Although it is encouraging that the authors have found a consistent pattern of change in concentration in a small group of microRNAs in ALS patients compared to the controls in the study, it is too early to consider them a valid biomarker for the disease. The number of patients in the comparative groups is small.
There are other neurodegenerative diseases (such as dementia and multiple sclerosis) that were not studied. It remains unclear if the pattern of the microRNA change/fingerprint truly is specific to the ALS population. Aside from using larger patient groups in the neurologic controls, evaluation and comparison with more neurologic disorders will make a stronger case if the pattern holds. It also is unknown whether it would be a useful biomarker to gauge the effectiveness of treatment protocols, since it has not been established that the pattern holds over the course of the disease.
Furthermore, it is not known whether the pattern of change is similar and consistent in all subtypes of ALS. There are sporadic and familial forms of ALS, with familial presentation in about 5% to 10% of the total patient population, and it is associated with many different genetic mutations (SOD1, C9ORF72, FUS, SETX). It would be useful if future studies can confirm that the microRNA fingerprint pattern is reliable in both sporadic and familial subtypes.
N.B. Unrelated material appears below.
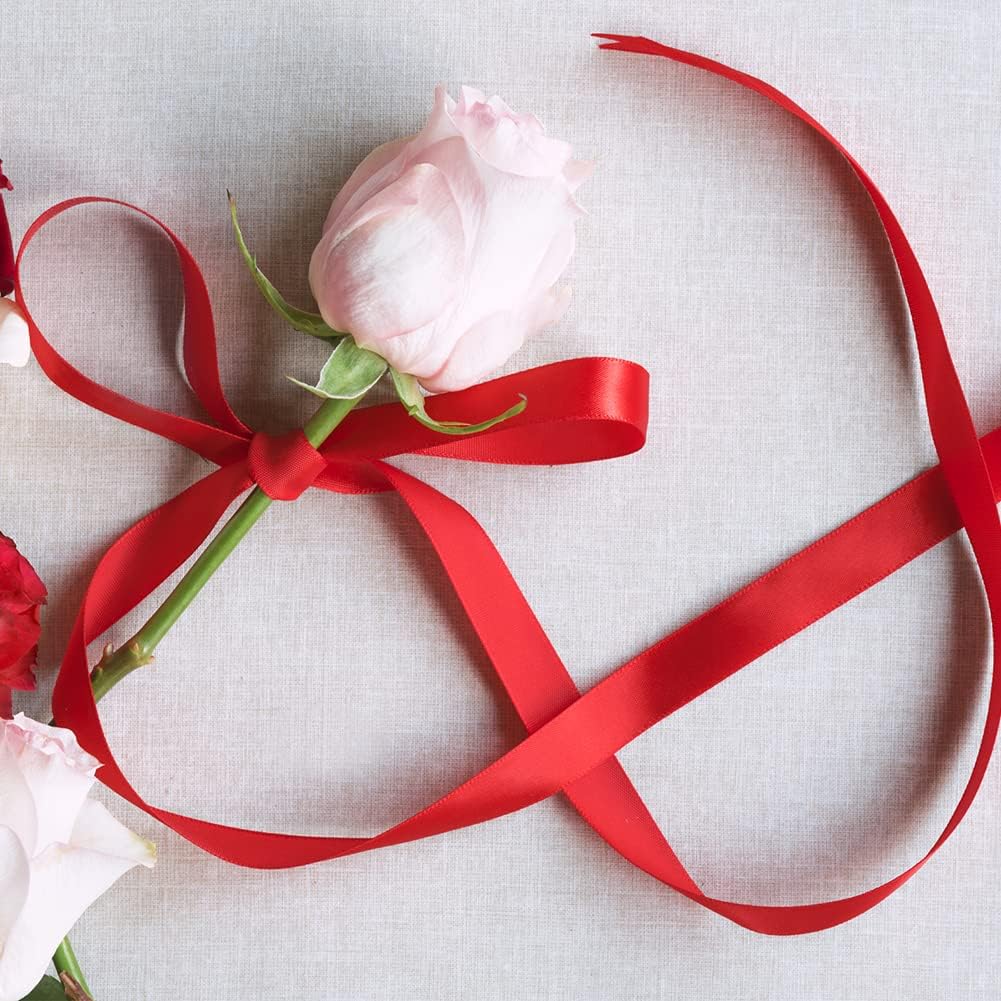 Double Faced Rainbow Satin Ribbon, 3/8" Wide 5 Yard/Roll-20 Rolls 100 Yards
Further studies to understand the function of the different microRNAs and how each may contribute to the development of disease also may lead to new treatment modalities. For now, based on the data presented, it may be helpful to differentiate PLS patients from ALS patients.
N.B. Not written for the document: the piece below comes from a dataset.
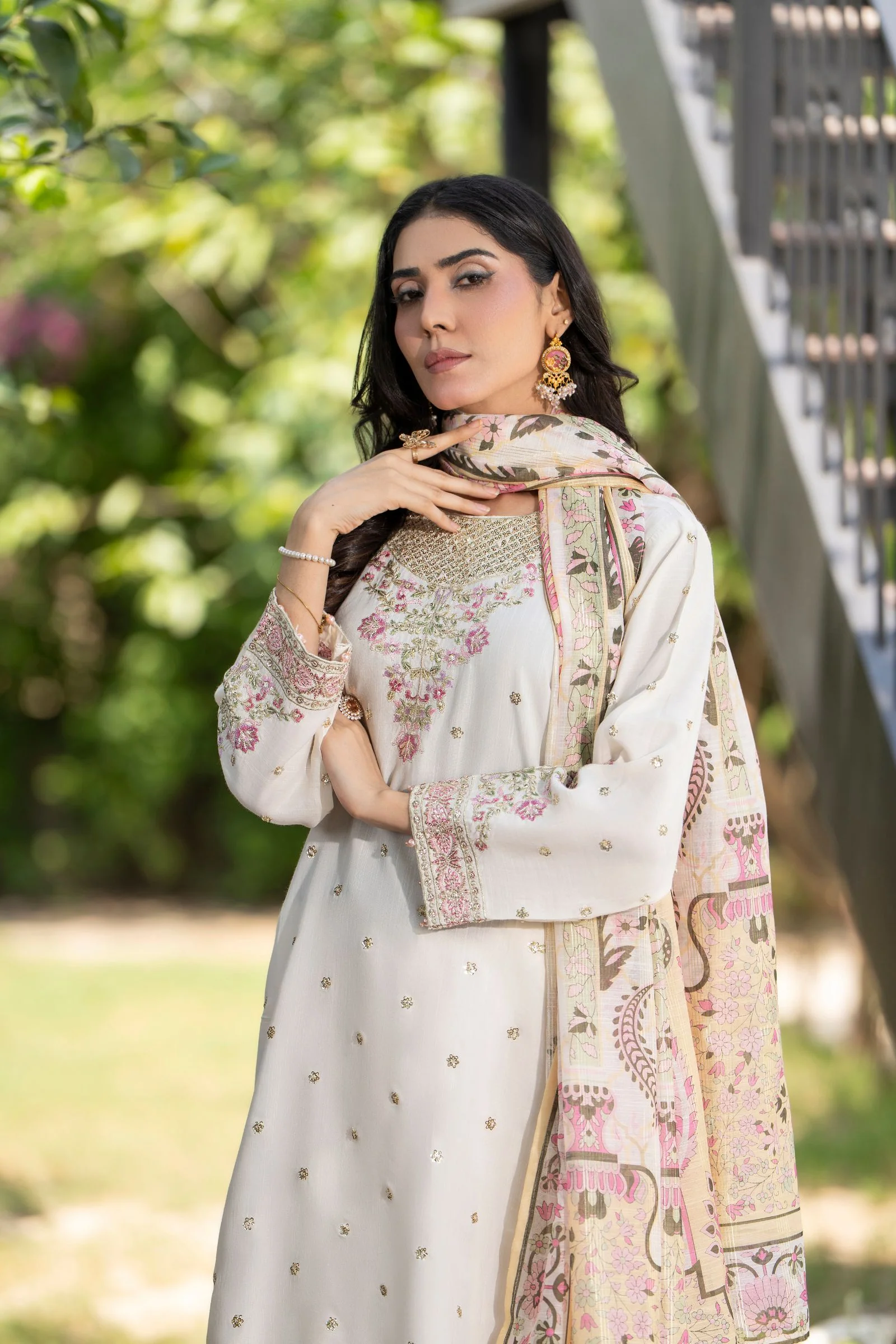 Motif Raw Silk Embroidered Suit-4095 - Image 7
At presentation, early PLS may be mistaken for upper motor neuron predominant ALS, especially if electromyography does not show evidence of the active denervation that is expected in ALS. The current accepted guideline is that PLS diagnosis can only be confirmed if a patient has shown only upper motor neuron findings without lower motor neuron involvement after four years. That is a long period of uncertainty and stress for the affected patient and their loved ones. If further studies can confirm that the microRNA pattern/fingerprint is not seen in PLS patients, then it can be used to confirm the diagnosis of PLS when clinically appropriate, without needing to know if the pattern is specific to ALS.
Dora Leung, MD, is Assistant Professor of Clinical Neurology, Weill Cornell Medical College.